[Provided material Boundary: Start]
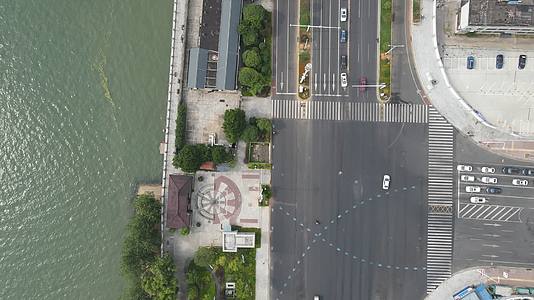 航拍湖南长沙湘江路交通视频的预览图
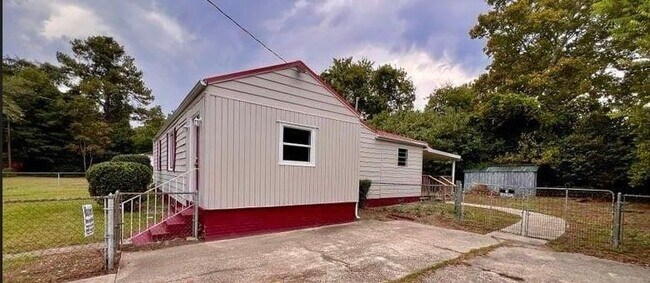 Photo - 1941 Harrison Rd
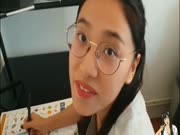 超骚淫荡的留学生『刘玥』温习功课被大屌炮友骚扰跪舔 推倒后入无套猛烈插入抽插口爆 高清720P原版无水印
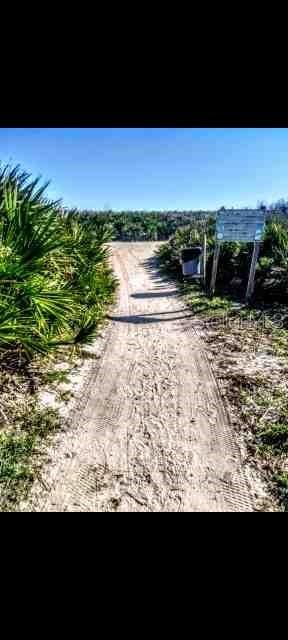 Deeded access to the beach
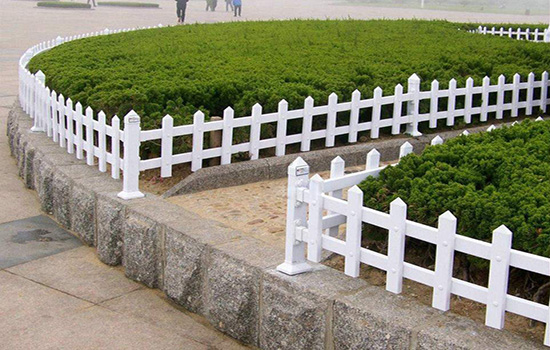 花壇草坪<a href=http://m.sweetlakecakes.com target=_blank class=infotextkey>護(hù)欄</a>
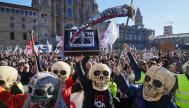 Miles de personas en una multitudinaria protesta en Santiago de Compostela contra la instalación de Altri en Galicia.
[Provided material Boundary: End]
[Provided material Boundary: Start]
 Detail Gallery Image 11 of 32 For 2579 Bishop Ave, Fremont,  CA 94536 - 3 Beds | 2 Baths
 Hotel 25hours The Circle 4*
[Provided material Boundary: End]
[Provided material Boundary: Start]
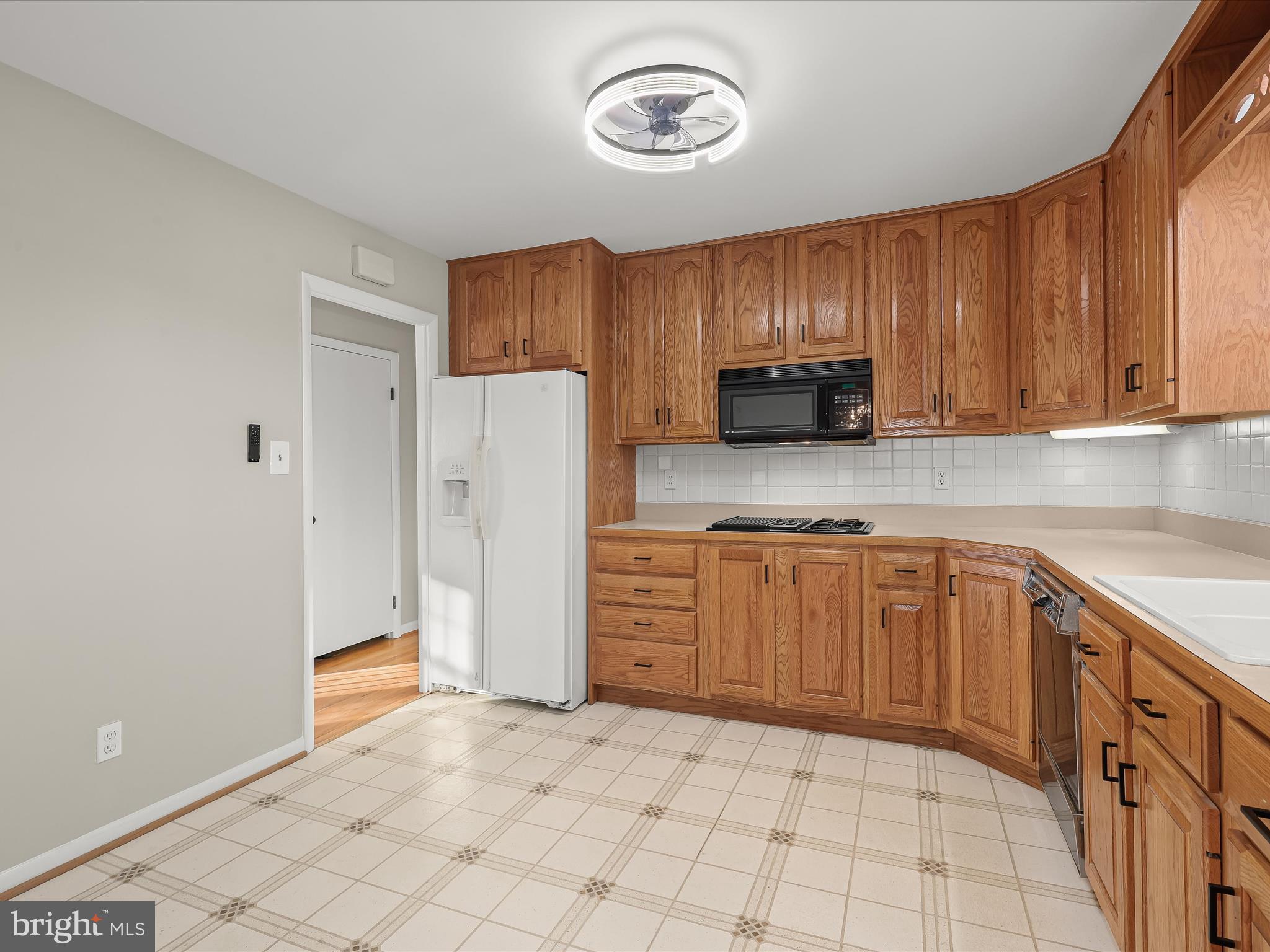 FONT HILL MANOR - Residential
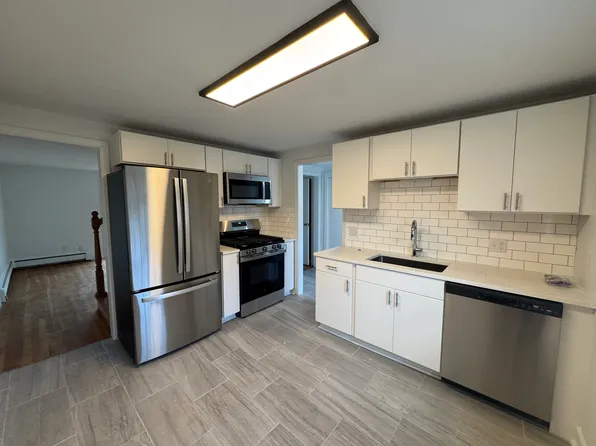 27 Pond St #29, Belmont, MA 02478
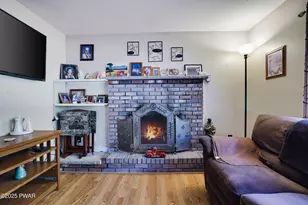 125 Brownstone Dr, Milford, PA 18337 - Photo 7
[Provided material Boundary: End]
Look above for the line with "航拍湖南长沙湘江路交通视频的预览图" and the line with "Miles de personas", then copy them and all lines in between exactly as written, and only those, without any pictures.

 航拍湖南长沙湘江路交通视频的预览图
 Photo - 1941 Harrison Rd
 超骚淫荡的留学生『刘玥』温习功课被大屌炮友骚扰跪舔 推倒后入无套猛烈插入抽插口爆 高清720P原版无水印
 Deeded access to the beach
 花壇草坪<a href=http://m.sweetlakecakes.com target=_blank class=infotextkey>護(hù)欄</a>
 Miles de personas en una multitudinaria protesta en Santiago de Compostela contra la instalación de Altri en Galicia.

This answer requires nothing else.